No Brasil, a participação feminina no cooperativismo é ativa e está em crescimento. Um exemplo são as mulheres do GAU (Grupo de Agricultura Urbana), formado por imigrantes nordestinas que trabalham como agricultoras em São Miguel Paulista.
“Elas estão há sete anos juntas. É um processo que começou em um terreno que era um grande lixão. Elas limparam, a prefeitura as ajudou a retirar o lixo. Teve uma pessoa que foi ajudá-las a fazer com que aquela terra se transformasse em terra produtiva. Hoje o lugar é maravilhoso e elas já conseguem tirar uma renda”, conta Emília Rutkowski.
Cooperativismo local
Fundada em 2013, a Coopeco (Cooperativa Ecologicamente Correta de Materiais Recicláveis de Bauru) surgiu em resposta a uma demanda de moradores do bairro Ferradura Mirim. Hoje, com 36 cooperados, a cooperativa atua como ponto de descarte de materiais recicláveis, na coleta seletiva, ecopontos e trabalhos em condomínios residenciais.

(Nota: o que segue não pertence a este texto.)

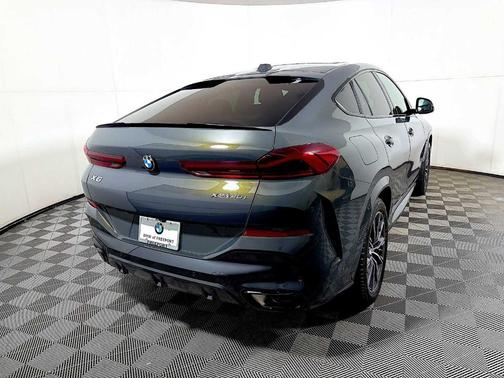 2026 BMW X6 xDrive40i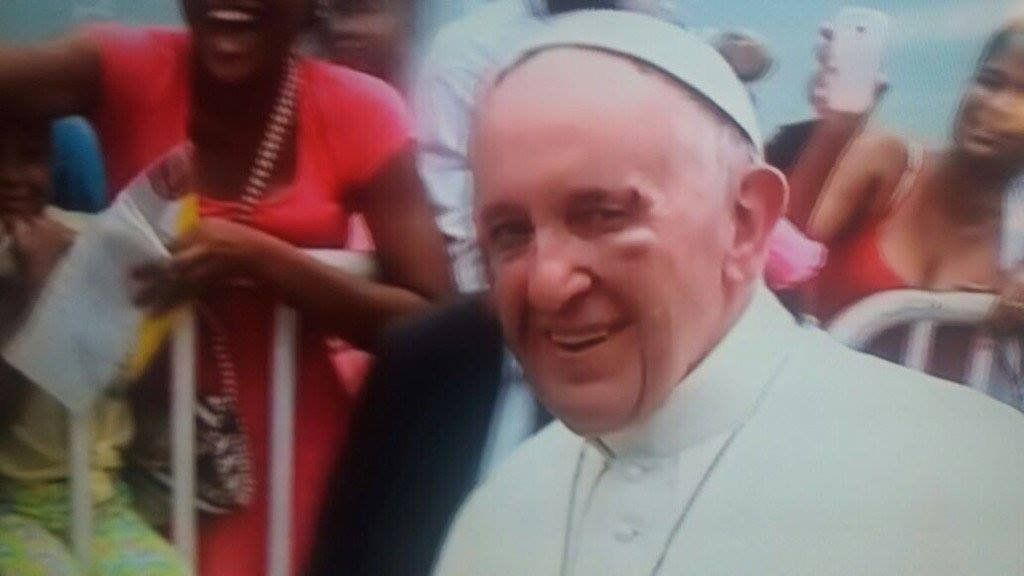 El Papa Francisco y el hematoma tras su golpe en el Papamovil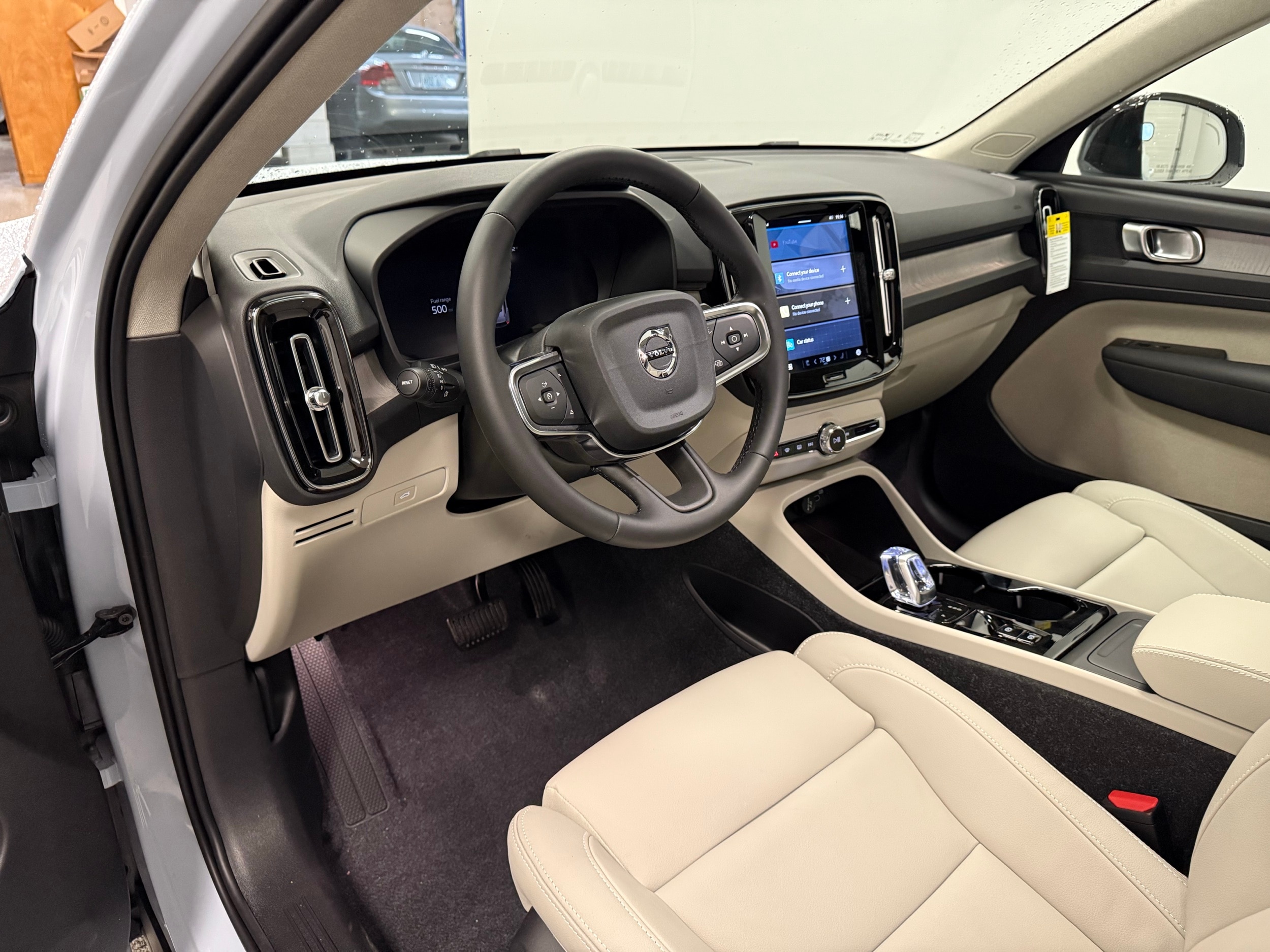 new 2025 Volvo XC40 car, priced at $48,335
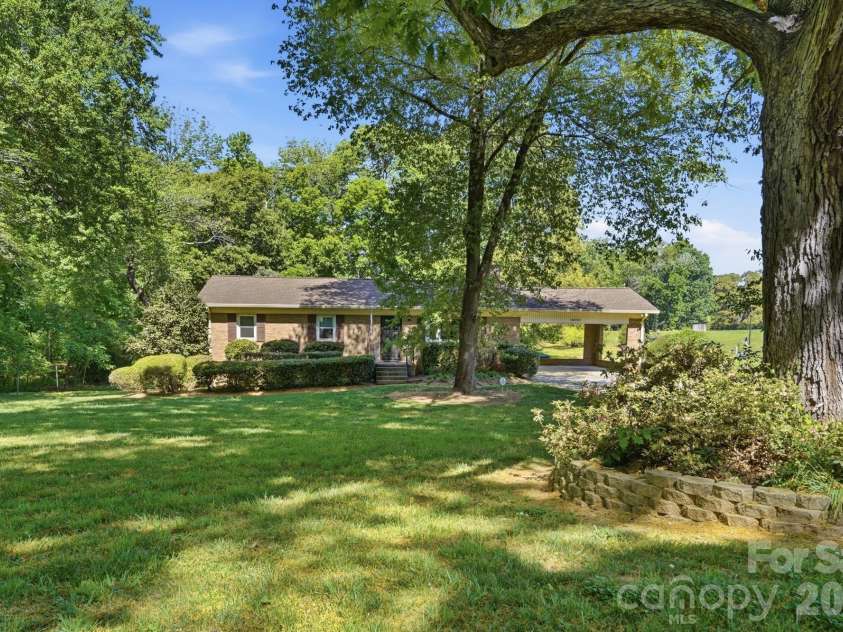 14050 Cabarrus Station Road, Midland, NC 28107.  MLS# CAR4371768, YatesRealty ID 31553. 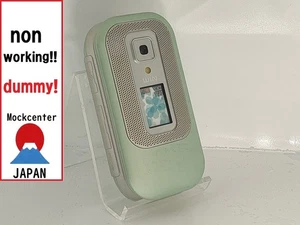 【Factice !】 Téléphone portable HITACHI W32H (couleur verte) au-japon qui ne fonctionne pas - Photo 1 sur 3
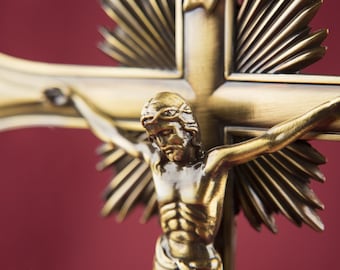 Crucifix en laiton avec socle, Croix, Don Catholique, Crucifix, Art Sacré, Don Religieux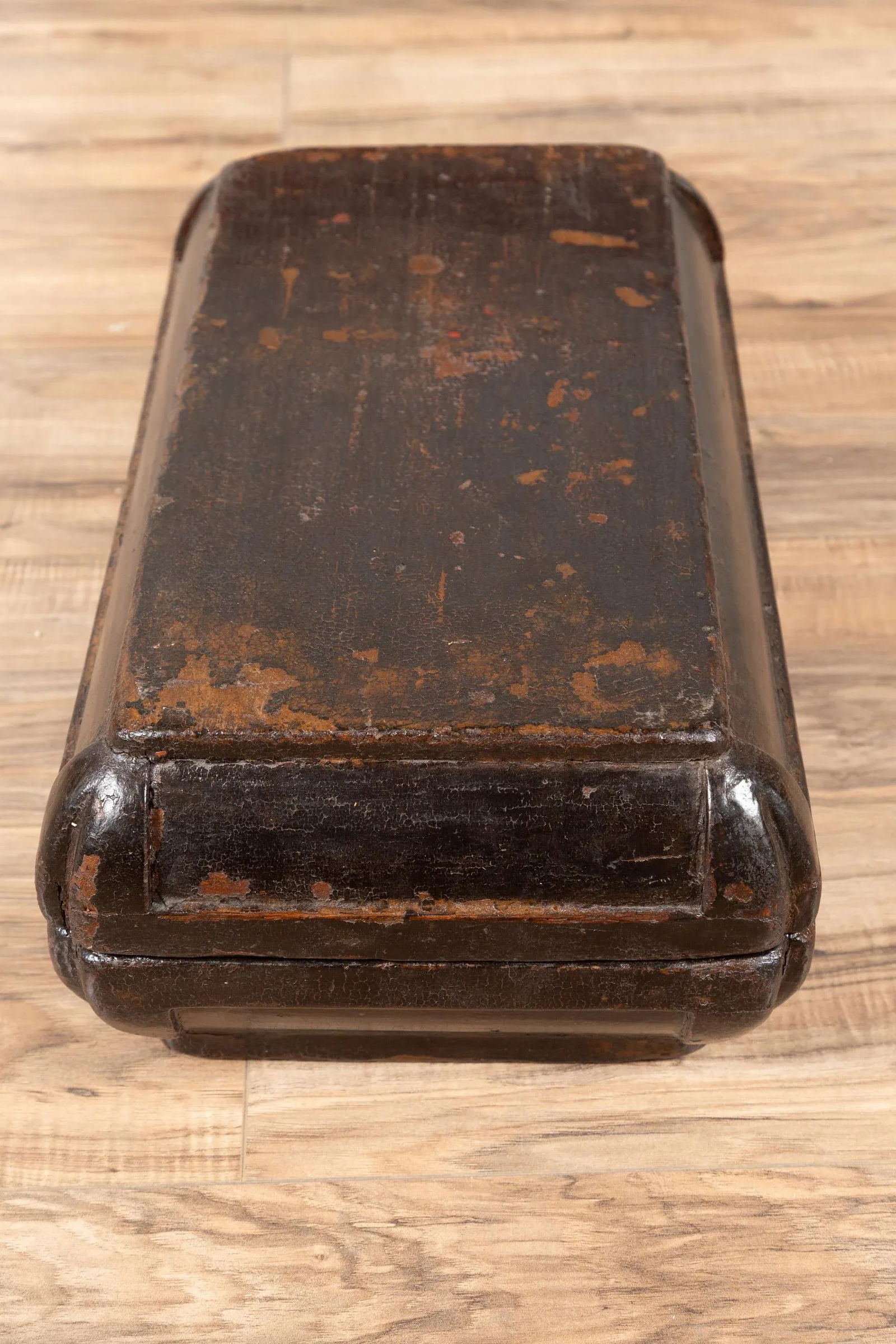 Small Antique Chinese Dowry Basket with Distressed Brown Patina - 8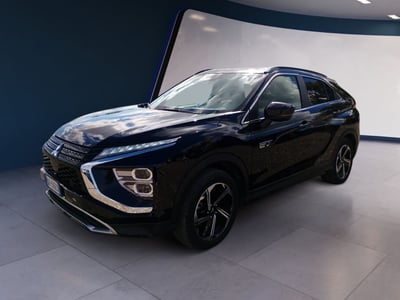 Mitsubishi Eclipse Cross 2.4 phev Instyle sda pack 0 s-awc del 2022 usata a Fisciano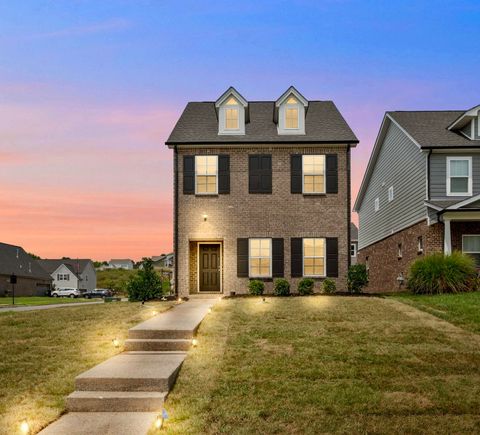 101 Santa Rosa Dr Gallatin TN 37066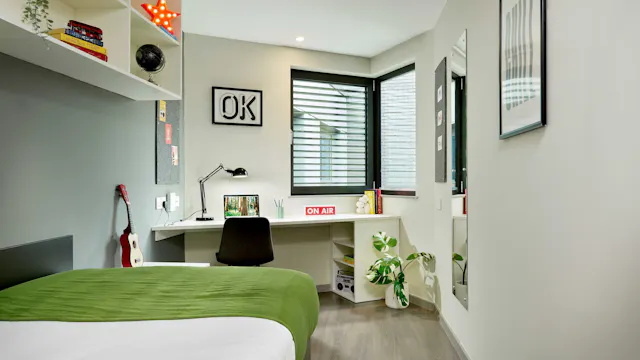 Silver Plus Ensuite room image 1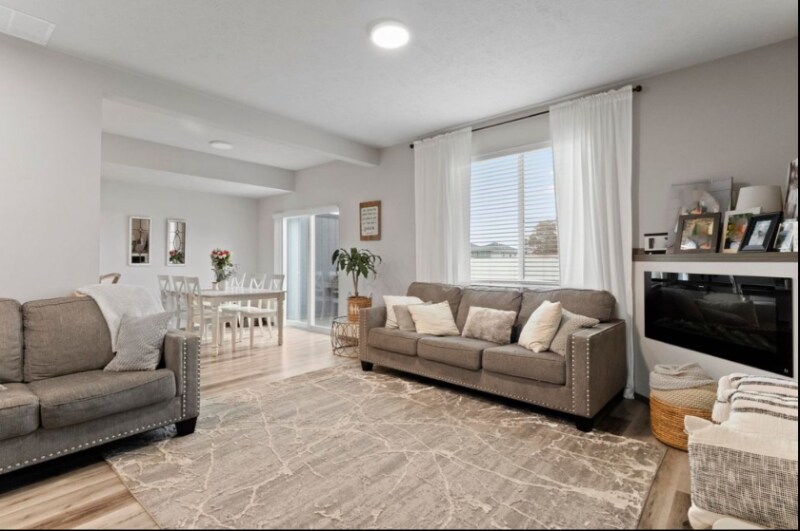 Building Photo - 14302 E 13th Ave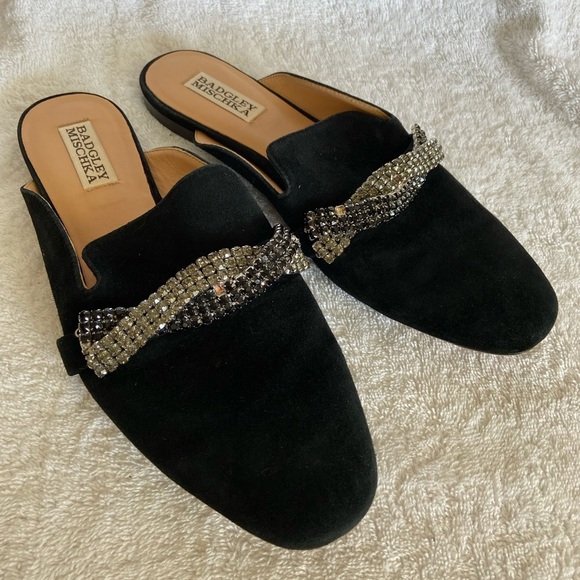 BADGLEY MISCHKA Karin Crystal Embellished Mule in Black Suede Size 7 EUC - Picture 1 of 7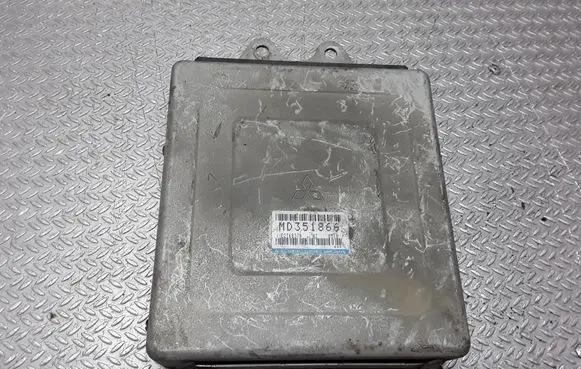 Mitsubishi Carisma Engine control unit/module MD351866
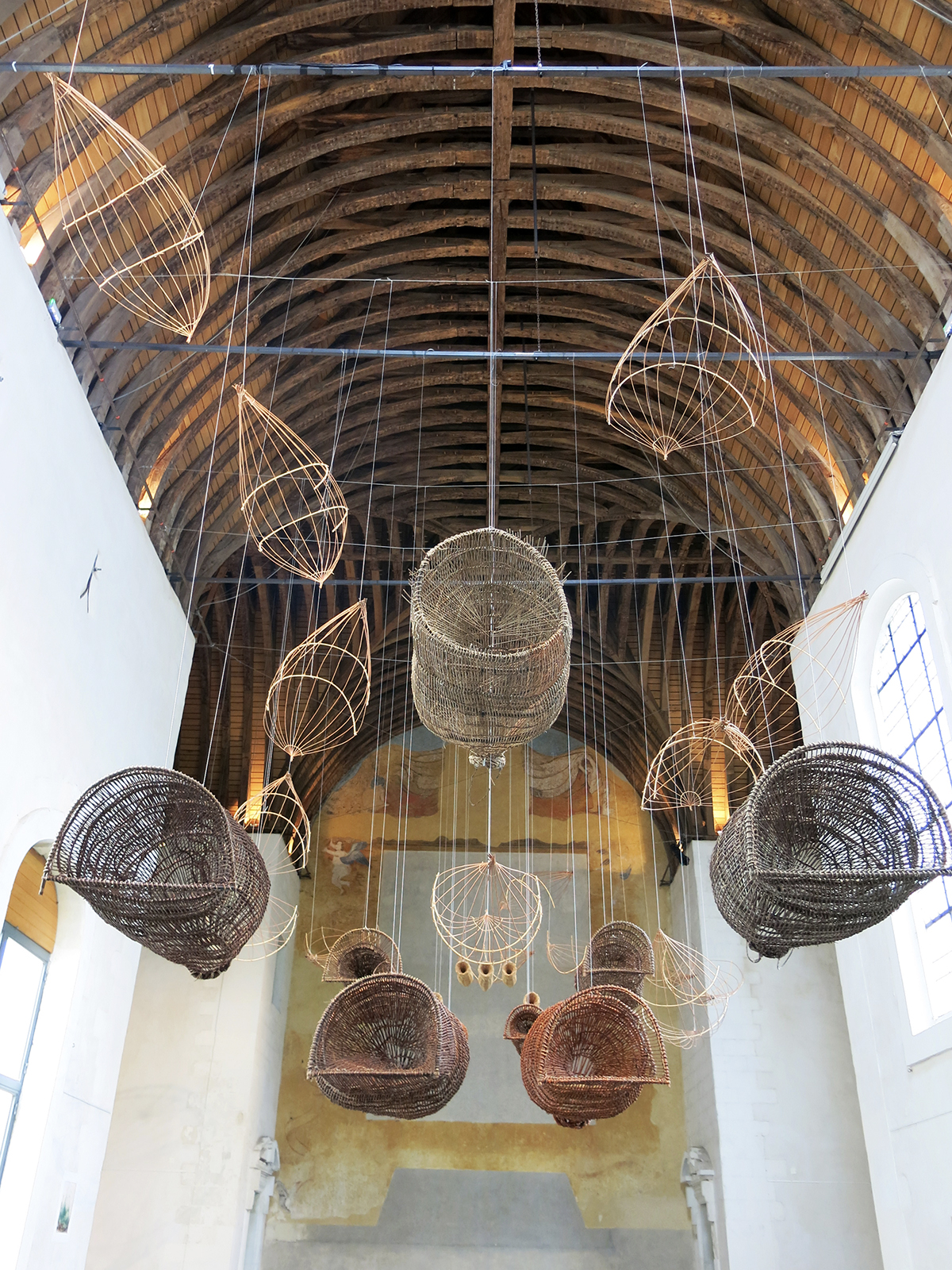 Exposition de l’artiste Marine Class au MAT d’Ancenis en 2021, mêlant engins de pêche traditionnels et production artistique contemporaine © Marine Class.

Giselle Moreti, uma das fundadoras da Coopeco, descreve como surgiu a organização: “No começo, éramos eu e doze catadores que traziam o material. A gente separava por baia e depois vendia. Daí eu comecei a falar pra eles para vendermos juntos, que, com o volume, teríamos preço. Com isso, muitos catadores da cidade começaram a nos procurar para fazer esse trabalho, foi quando a gente se aglomerou, chamando atenção da prefeitura”.
As dificuldades de criar uma cooperativa incluem desde a necessidade de apoio para a estruturação inicial do projeto até a organização desses trabalhadores em um sistema que funcione na prática.
“Imagine essas pessoas que não estão acostumadas a isso. Elas têm um ritmo de trabalho diferente. Elas têm que começar a entender que esse ritmo tem que ser mantido, e nem por isso as pessoas vão ter que ganhar mais ou menos por conta disso. Depende de uma solidariedade – não é que essas pessoas não tenham, mas [depende de] um outro nível de relação de solidariedade”, exemplifica Emília.
Há também o papel fundamental da universidade e ONGs de dar suporte a esses trabalhadores que se encontram em situação de vulnerabilidade: apoiar e fazer com que os órgãos públicos se mobilizem para que ações sustentáveis, que gerem renda e trabalho digno para a comunidade, ocorram.
Um exemplo disso é a ITCP (Incubadora Tecnológica de Cooperativas Populares) da Unicamp, que tem como objetivo acompanhar os grupos que querem se tornar cooperativa. No território destes coletivos, o projeto promove grupos de estudo, oficinas, e levantamento de dados, problemas e perspectivas, com o objetivo de construir o melhor caminho para a incubação desses grupos.